When training future musicians, we are asking them to juggle many things. Notes, rhythms, attacks, releases, phrases, dynamics should be the expectation of every student, but what tools can we give them to refine these areas on their own? Creating quantitative tasks for students, and implementing them with a learning management system like Google Classroom or Canvas can be an extremely helpful way to get students to own their learning and their practice.

Benefits of Flipping the Classroom

For the ensemble, rehearsal is the primary way for learning. Balance, blend, and dynamics are examples of skill sets that need to be addressed in rehearsal via instructor feedback. In my opinion, if the students have the notes, rhythms, attacks, releases, and dynamics in place before they arrive, then as a director or an ensemble, I can start to rehearse music as opposed to teach music.

For the individual, if I can find a way to flip my classroom and get students to not only be prepared for rehearsal every day, but also have skill sets in place, then I have to be creative in how I measure these skill sets. One effective method I have found is memorization tests.

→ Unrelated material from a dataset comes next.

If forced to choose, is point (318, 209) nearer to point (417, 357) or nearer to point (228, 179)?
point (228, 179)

You can either have students perform a section for you or have them submit a video (or a SmartMusic assignment) of a passage for evaluative feedback. This can focus on simple things such as notes and rhythms, or it can be for concepts such as tone, dynamic contrasts, or phrasing. The important part is to provide the impetus for students to become engaged in their learning.

Who Has the Onus?

“You can teach a student a lesson for a day; but if you can teach them to learn by creating curiosity, they will continue the learning process as long as they live.” – Clay P. Bedford

Placing the onus on the students is key. What would your program be like if every student practiced, or had private lessons? While not every student can afford private lessons, if your pedagogy can help encourage students to succeed both in and out of the classroom, then perhaps how we offer opportunity is just as important as the rehearsal itself. Sometimes when students play for me I will create a system to randomly select their evaluation criteria. Correct notes, correct rhythms, articulation, and dynamics are popular when doing this. I want my students to reflect in their practice and to focus on more than just the notes and rhythms as an indicator of their success.

In order to give your students the tools they need, rubrics, data, and expectations can be powerful tools.

Learning Takes Place in the Reflection

Someone once said to me that learning takes place in the reflection. I have lived the statement since the day I heard it. Data is the opportunity to make students reflect on what they need to know.

I hope my comments were helpful.

David Duarte is currently the fine arts/pe-health specialist for the Deer Valley Unified School District. He also teaches music humanities and theory for the Deer Valley Online Learning Program. For the past 25 years, he has taught high school band and chorus, performed classical saxophone with the Tempe Wind Ensemble, and has provided private saxophone instruction. Some of his favorite moments include the Deer Valley High School jazz ensemble’s invitation and performance at the 2006 Midwest Clinic and being featured in Scott Lang’s Leadership Book Leader of the Band.